Da kommen die von der Spiele-Industrie mit nur 10-30% wirklich gut davon....


----------



## HansHa (10. April 2019)

DeathMD schrieb:


> Aha... das Steam, das vermutlich dafür verantwortlich ist, dass sich viele Spieler von Raubkopien verabschiedet haben und eine Spielebibliothek von 250+ Titeln angehäuft haben, ist also für den Untergang der Videospielbranche verantwortlich.
> 
> Lieber Herr Geldsack, was auch immer sie nehmen, nehmen sie weniger davon!



Was genau lässt Dich vermuten, dass es weniger Raubkopierer gibt?
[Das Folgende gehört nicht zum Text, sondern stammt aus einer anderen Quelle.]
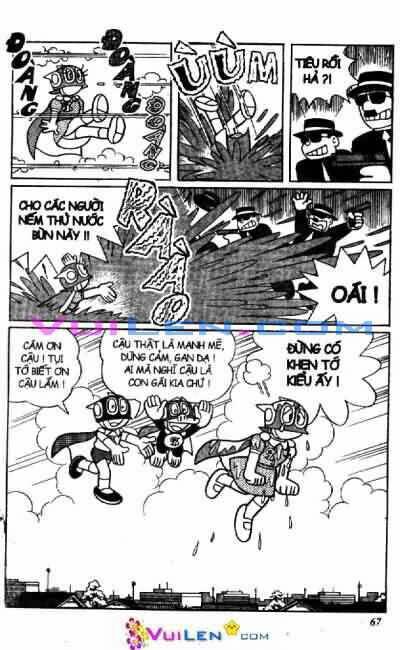 siêu nhân pacman chapter 13 66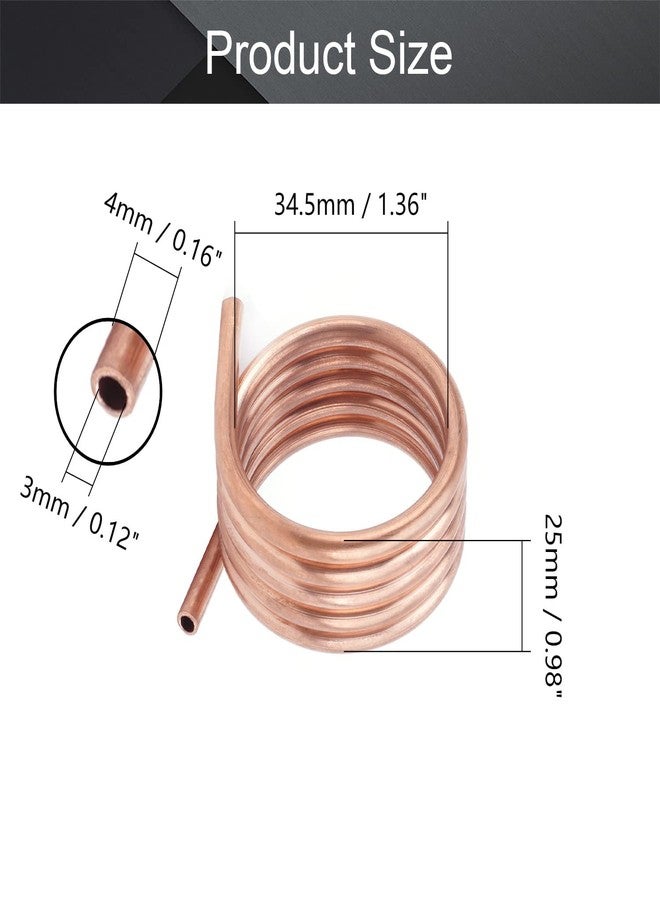 Fielect Motor Copper Water Cooling Jacket 540/550 Brush Motor Water Cooling Ring Metal Remote Control Model Boat Accessories Suitable for Remote Control Boat Motor Accessories - Image 2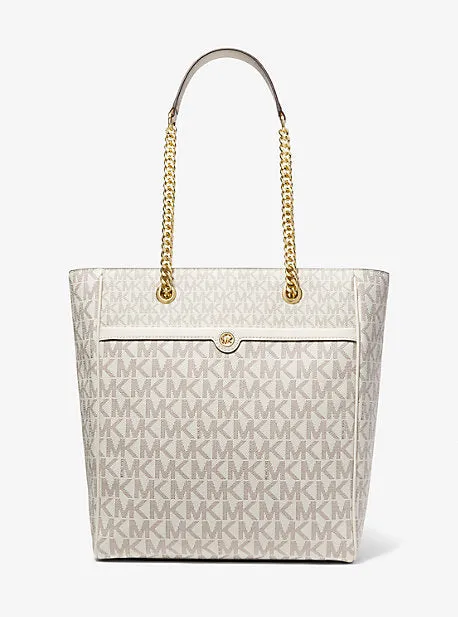 Blaire Large Logo Tote Bag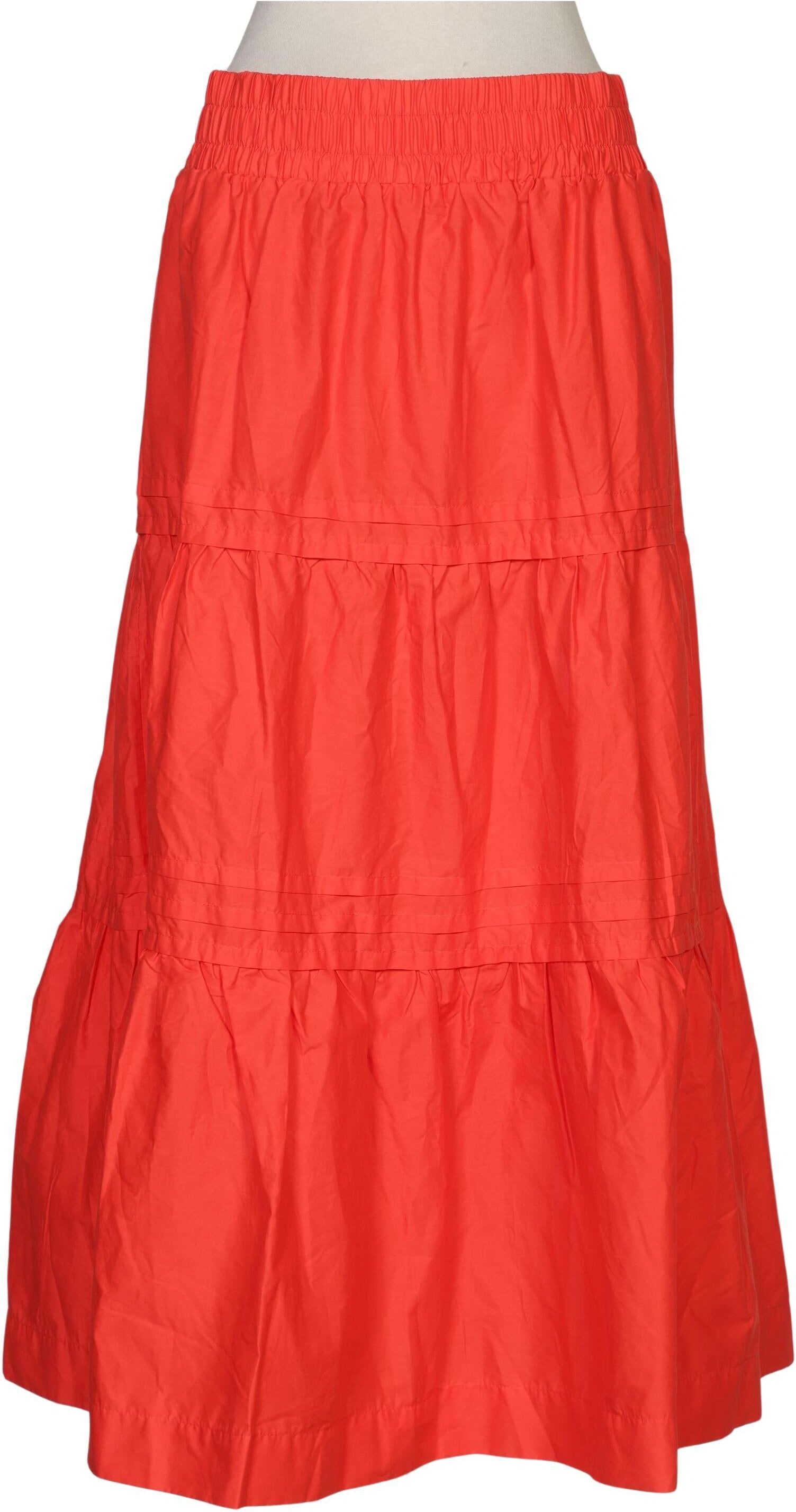 Tahari Arthur S. Levine Damen Rock, Rot, Gr. L, Baumwolle - Second Hand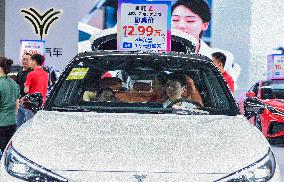 13th Nanning International Automobile Exhibition in Nanning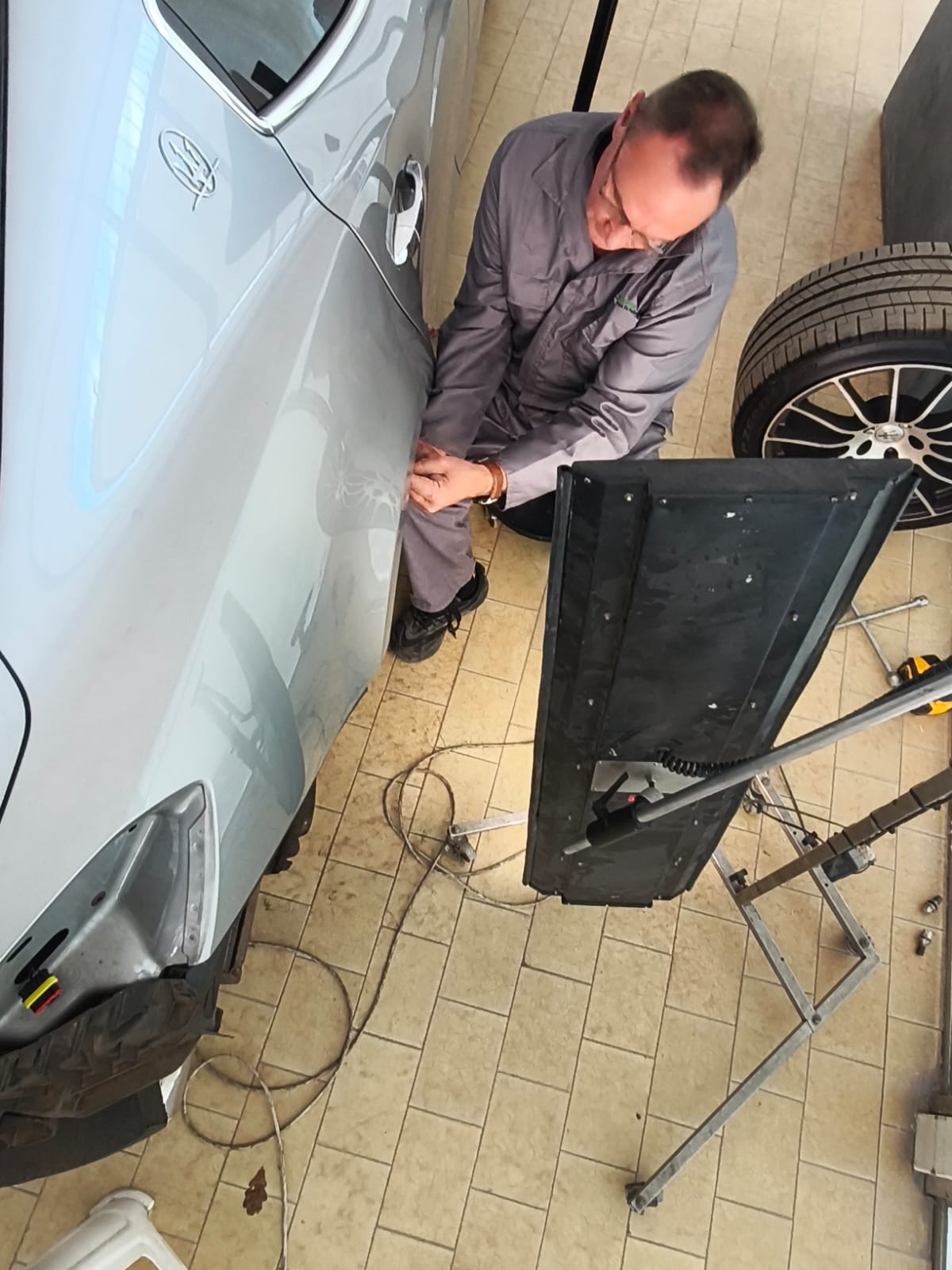Tailgate Dent Removal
Und sollte das tatsächlich so sein, liegt das meiner Meinung nach nicht an Steam, sondern daran, dass es mittlerweile eine gefühlte Million an Free2Play Spielen gibt, unter anderen halt auch Kracher wie Fortnite, die die Leute monatelang bei der Stange halten.

Für eine Steambibliothek von 250+ muss man übrigens wenig bis gar nichts ausgeben, so oft wie Spiele verschenkt oder in Humble Bundles im Duetzend verrammscht werden und eben die genannten F2P Spiele.


----------



## Bonkic (10. April 2019)

hm, also ich hab zumindest auch zweifel daran, dass der klassische pc-gaming-markt, also ohne f2p, browsergames etc., in den jahren seit es steam gibt - oder besser gesagt: seitdem steam der industrie-drm-standard ist - tatsächlich (umsatzmäßig) gewachsen ist.


----------



## AlBundyFan (10. April 2019)

OldMCJimBob schrieb:


> Wäre es rechtlich eigentlich möglich, eine App zu Verkaufen, die verschiedene Launcher unter einem Dach vereint? Ein Launch-Verwalter




das gibt es doch schon längst - und zwar mehrere.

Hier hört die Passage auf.